According to Murphy, city officials sought bids for major work on the shelter, including a new roof and remodeling of the men’s and women’s restrooms to make them accessible to people with disabilities. But no construction company bid on the project, estimated to cost about $65,000.
“It was too small a project for contractors, and they were too busy,” he said.
Then Dadam stepped forward with a partial solution.
A group of teen and young adult volunteers from churches in Wisconsin and Minnesota was looking for service opportunities in the Portage area.
This week, River of Life Church is hosting more than 50 volunteers for the volunteer program, called Hands of Hope.
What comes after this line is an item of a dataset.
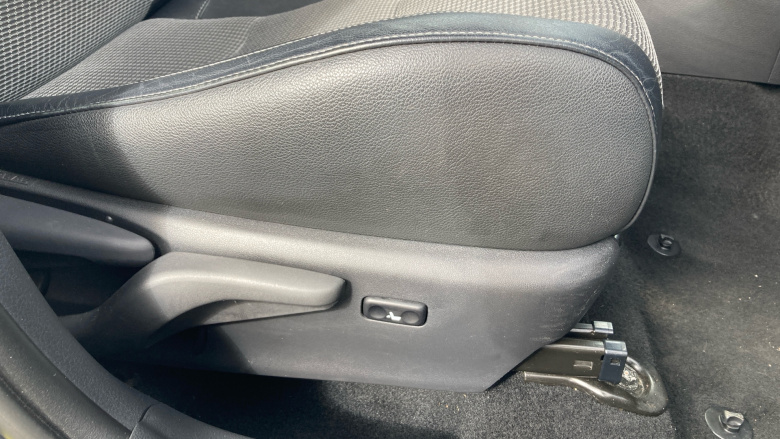 Toyota Auris 1.8 Hybrid Excel 5dr CVT Hybrid Estate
In addition to working on the Pauquette Park shelter-restroom roof, the group also is working on other projects, including tending the Pauquette Park garden and working on downtown Portage buildings.
The labor is free, Murphy said, although the city is responsible for the cost of materials for the roof project.
Dadam said the volunteers plan to put a new steel roof on the shelter building, which still had its original roof from when it was built in the 1980s.
The roof is expected to be sturdy enough to withstand a hailstorm, he said.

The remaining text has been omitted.